Onnx mixed precision slow

Hi, I am trying to export a mixed precision model to onnx. Sadly, the model is much slower when I’m running it in the onnxruntime:

import onnxruntime as ort
from functools import partial
import onnx
import time
import timeit
import torch
import torch.nn as nn
from torchvision.models import resnet18
import torch.utils.benchmark as benchmark


class Net(nn.Module):
    def __init__(self, amp=False):
        super().__init__()
        self.amp = amp
        self._model = resnet18()
        return

    def forward(self, x):
        if self.amp:
            with torch.cuda.amp.autocast():
                x = self._model(x)
        else:
            x = self._model(x)
        return x


def bench_torch(net, x, N):
    with torch.inference_mode():
        _ = net(x)
        torch.cuda.synchronize()
        t0 = time.time()
        for _ in range(N):
            torch.cuda.synchronize()
            _ = net(x)
            torch.cuda.synchronize()
        t1 = time.time()
        print(f"{((t1-t0)/N)*1000:6.2f}")
    return


def bench_onnx(name, x, N):
    session = ort.InferenceSession(name, providers=['CUDAExecutionProvider'])
    _ = session.run(None, {'input':x})[0]
    t0 = time.time()
    for _ in range(N):
        _ = session.run(None, {'input':x})[0]
    t1 = time.time()
    print(f"{((t1-t0)/N)*1000:6.2f}")
    return

def export(net, name, x):
    torch.onnx.export(net, (x,), name, input_names=['input'], output_names=['logits'], dynamic_axes={'input':{0:'batch'}}, opset_version=15)
    assert onnx.checker.check_model(name, full_check=True) is None, "Check failed"

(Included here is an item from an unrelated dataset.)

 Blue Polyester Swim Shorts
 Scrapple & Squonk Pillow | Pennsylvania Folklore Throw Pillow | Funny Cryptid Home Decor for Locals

    print("exported model", name)
    return

net = Net(False).eval().cuda()
net_amp = Net(True).eval().cuda()
x = torch.randn(500, 3, 150, 150).cuda()
xn = x.cpu().numpy()

export(net, 'net.onnx', x)
export(net_amp, 'net_amp.onnx', x)



N = 10
bench_torch(net, x, N) # 117.28
bench_torch(net_amp, x, N) # 56.61
bench_onnx('net.onnx', xn, N) # 134.93
bench_onnx('net_amp.onnx', xn, N) # 2762.18

Is there anything wrong in my method?

System:

  • windows 10
  • rtx 2080
  • pytorch 1.11.0
  • onnxruntime-gpu 1.10.0

Thanks

This is quite important for me. Has really no one an opinion on this?